Each record should be given again exactly as it appears, with no image included.

SOURCE MATERIAL below:

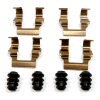 Centric Disc Brake Hardware Kit, Centric Parts 117.46010
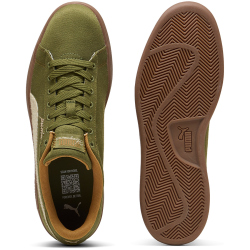 PUMA Smash 3.0 Etiqueta Sneaker 02 - olive green/toasted...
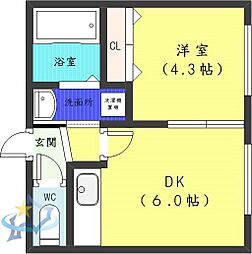 札幌市営東西線 西18丁目駅 徒歩10分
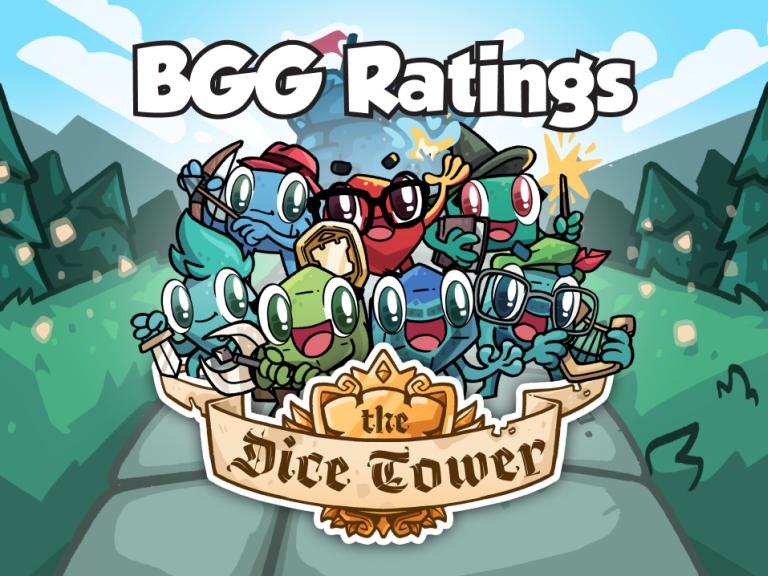 BGG Ratings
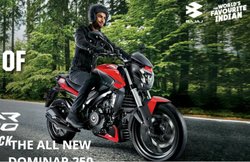 Bajaj Dominar 250 खरीदना पड़ेगा महंगा! कंपनी ने बढ़ाए दाम, जानें नई कीमत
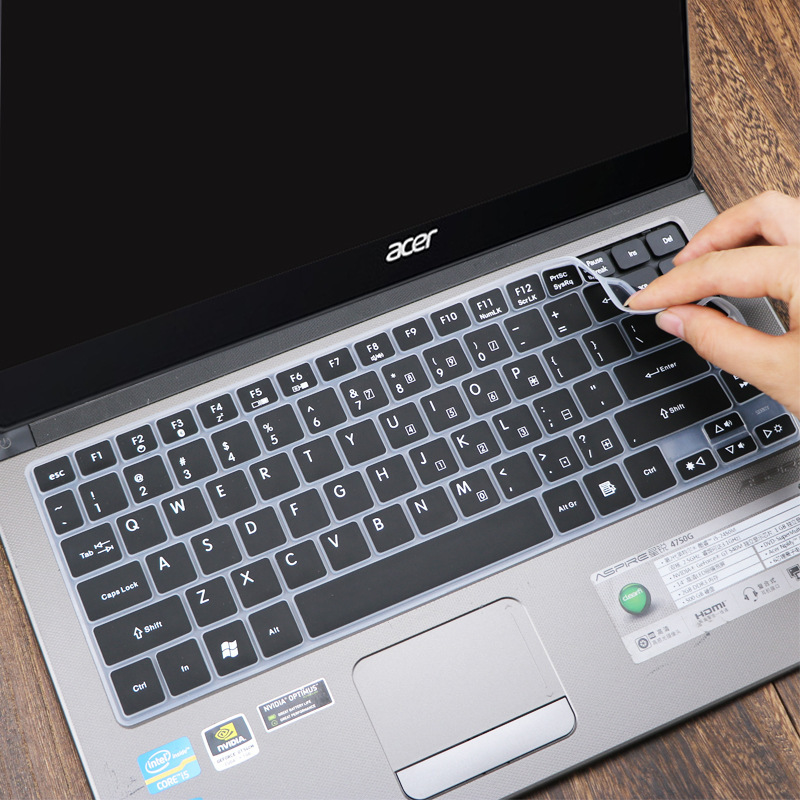 Suitable%20for%2014-inch%20Acer%20Acer%204750%204752G%20laptop%20i3%20i5%20i7%20keyboard%20membrane%20dustproof%20pad%20-%20Image%205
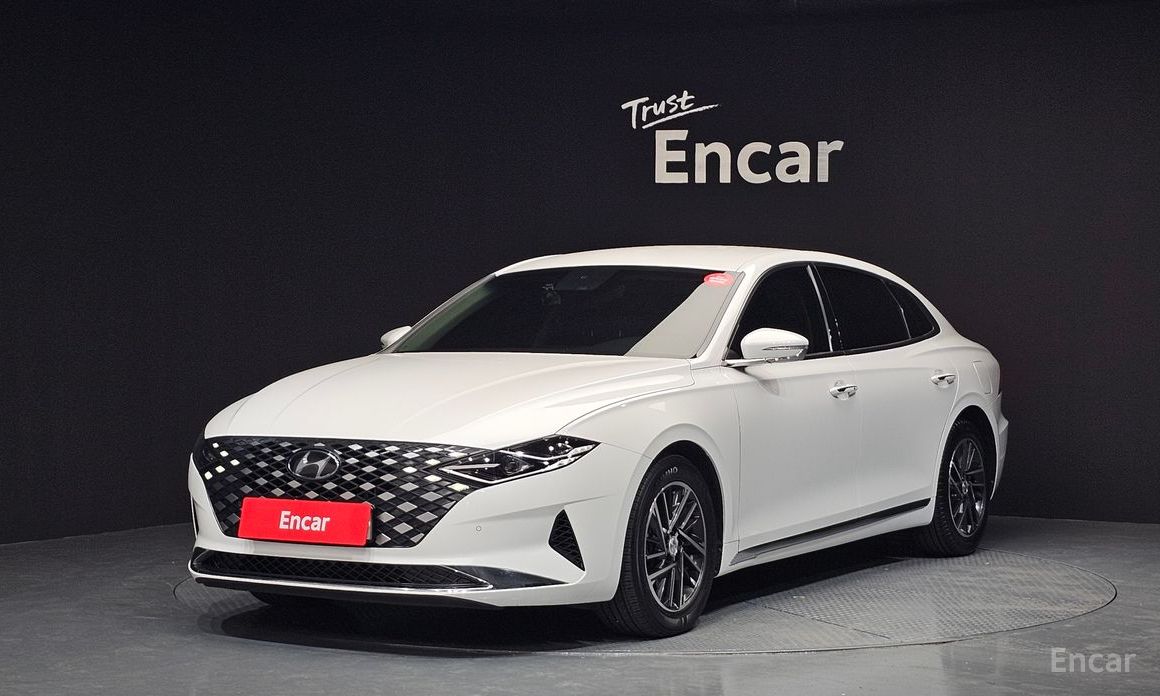 Hyundai Grandeur 2021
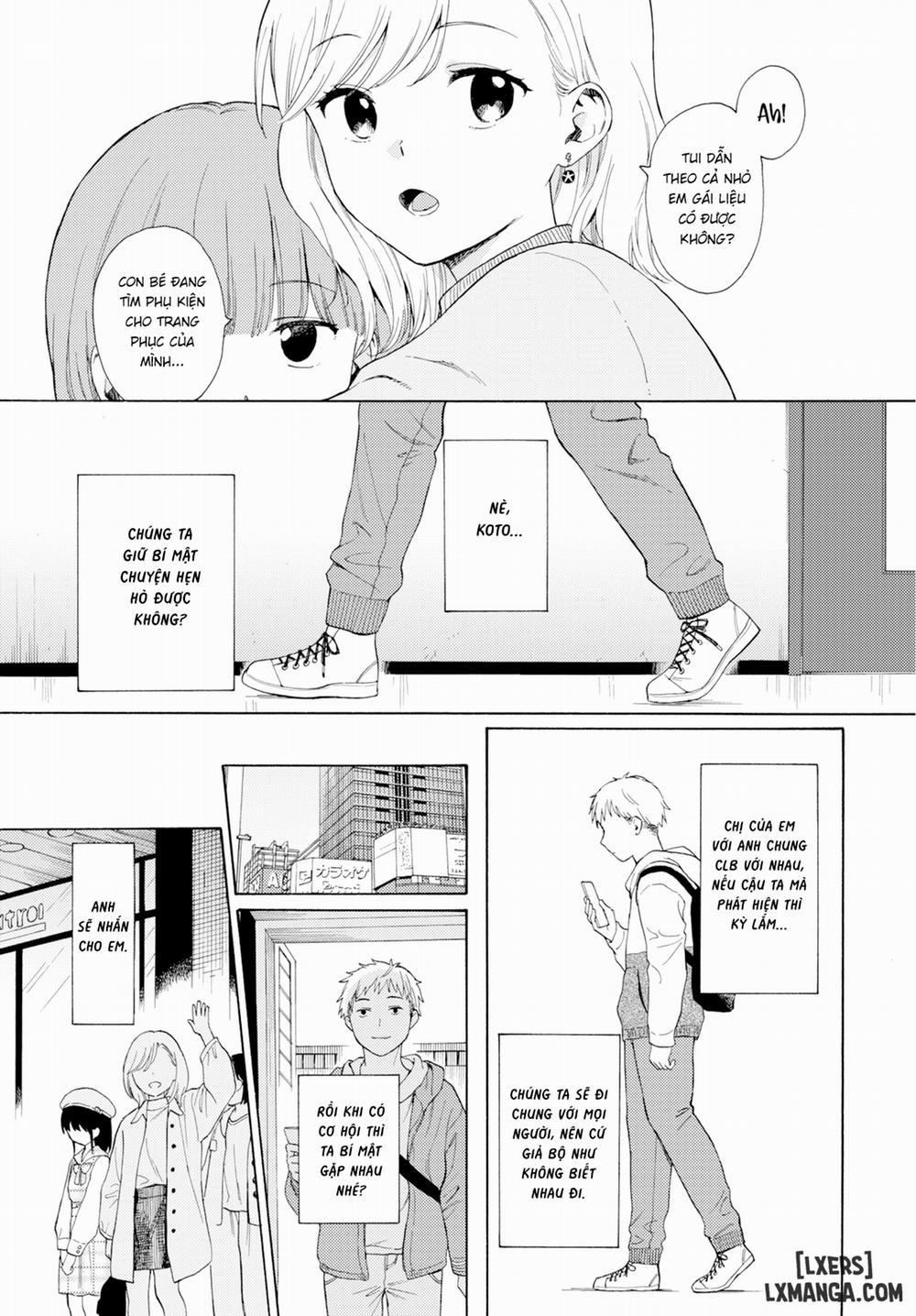 Metamorphosis Oneshot trang 22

End of SOURCE MATERIAL.

WRITTEN RESPONSE |
 Centric Disc Brake Hardware Kit, Centric Parts 117.46010
 PUMA Smash 3.0 Etiqueta Sneaker 02 - olive green/toasted...
 札幌市営東西線 西18丁目駅 徒歩10分
 BGG Ratings
 Bajaj Dominar 250 खरीदना पड़ेगा महंगा! कंपनी ने बढ़ाए दाम, जानें नई कीमत
 Suitable%20for%2014-inch%20Acer%20Acer%204750%204752G%20laptop%20i3%20i5%20i7%20keyboard%20membrane%20dustproof%20pad%20-%20Image%205
 Hyundai Grandeur 2021
 Metamorphosis Oneshot trang 22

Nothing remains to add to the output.